Minnesotans abuzz over Senate race

ByABC News
October 27, 2008, 1:01 AM

ANOKA, Minn. -- The hottest campaign here this year pits a veteran Republican politician against a Democratic newcomer and has people debating the need for change and which candidate can help fix the economy.

It's not the presidential race between John McCain and Barack Obama that has people in this Minneapolis suburb buzzing. It's the close, costly and contentious U.S. Senate contest between Republican incumbent Norm Coleman and Democrat Al Franken, a comedian, writer and first-time candidate.

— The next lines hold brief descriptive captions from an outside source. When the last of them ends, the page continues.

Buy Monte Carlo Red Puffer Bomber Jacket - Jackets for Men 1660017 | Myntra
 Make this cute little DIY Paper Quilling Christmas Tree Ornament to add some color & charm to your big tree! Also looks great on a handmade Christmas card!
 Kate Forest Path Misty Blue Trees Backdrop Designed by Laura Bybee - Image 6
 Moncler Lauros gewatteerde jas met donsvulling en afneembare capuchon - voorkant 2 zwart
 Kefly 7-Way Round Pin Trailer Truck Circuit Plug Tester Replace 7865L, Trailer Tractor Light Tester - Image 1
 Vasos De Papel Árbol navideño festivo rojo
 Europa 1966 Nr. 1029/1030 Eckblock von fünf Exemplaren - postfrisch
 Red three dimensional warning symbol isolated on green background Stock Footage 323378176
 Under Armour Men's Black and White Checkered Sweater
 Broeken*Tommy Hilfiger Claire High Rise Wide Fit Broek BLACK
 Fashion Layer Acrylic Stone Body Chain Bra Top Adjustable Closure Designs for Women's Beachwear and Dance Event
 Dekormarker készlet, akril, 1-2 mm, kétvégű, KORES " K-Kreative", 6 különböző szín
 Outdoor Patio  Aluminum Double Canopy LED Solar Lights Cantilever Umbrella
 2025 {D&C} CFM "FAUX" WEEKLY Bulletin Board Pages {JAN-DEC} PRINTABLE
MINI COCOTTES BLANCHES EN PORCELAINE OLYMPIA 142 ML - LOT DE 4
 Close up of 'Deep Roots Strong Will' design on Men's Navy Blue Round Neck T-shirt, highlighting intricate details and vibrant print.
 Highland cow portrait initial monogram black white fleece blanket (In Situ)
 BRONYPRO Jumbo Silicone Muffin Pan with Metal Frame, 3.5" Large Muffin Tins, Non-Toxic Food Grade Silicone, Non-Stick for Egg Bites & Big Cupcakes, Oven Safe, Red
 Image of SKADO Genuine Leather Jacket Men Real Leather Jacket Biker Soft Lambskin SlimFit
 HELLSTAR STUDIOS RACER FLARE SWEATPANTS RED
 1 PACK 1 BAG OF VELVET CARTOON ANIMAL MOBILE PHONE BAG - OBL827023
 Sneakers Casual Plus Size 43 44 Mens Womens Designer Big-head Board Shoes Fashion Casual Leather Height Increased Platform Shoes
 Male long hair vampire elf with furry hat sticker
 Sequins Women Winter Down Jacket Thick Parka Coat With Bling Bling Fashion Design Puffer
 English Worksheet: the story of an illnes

A poll Oct. 22 by Rasmussen Reports found Franken leading Coleman, 41%-37%, with Independence Party candidate Dean Barkley at 17%. A few months ago, Franken faced questions about his entertainment company's unpaid taxes and a 2000 Playboy humor column, in which he described visiting a fictional sex institute, and his campaign seemed stalled, says Larry Jacobs, director of the Center for the Study of Politics and Governance at the University of Minnesota. Growing economic worries changed that, Jacobs says. "Franken has been surfing the bad news in America, and his campaign has really got that anti-Republican wind in its sails."

Topic A: the economy

Over lunch at Legal Grounds, a downtown coffee shop, Jeff Christopher, 66, a retired carpenter, and his daughter Aleesha Ackerman, 32, a secretary, say they usually disagree on politics. He's inclined to support Republicans, and she leans to Democrats. Concern about the economy, though, has both of them planning to vote for Franken.

"Everybody's talking about the economy because it's right in their living room," Ackerman says. Salaries at the RV dealership where her mother-in-law works were just cut in half, and Ackerman worries about her own job. Franken, she says, "seems more in touch with people who are struggling." Her dad adds, "He's going to listen to the people."

At a nearby table, sheriff's detectives Edward Egly, 53, and Larry Johnson, 44, say they will vote for Coleman. "I'm not going to throw a senior senator out because a guy moves here from New York and decides to run," Egly says. The economy is important, he says, but so is national security, and he agrees with Coleman's tough stance on terrorism. Franken's family moved to Minnesota when he was 4, and he returned to the state in 2005.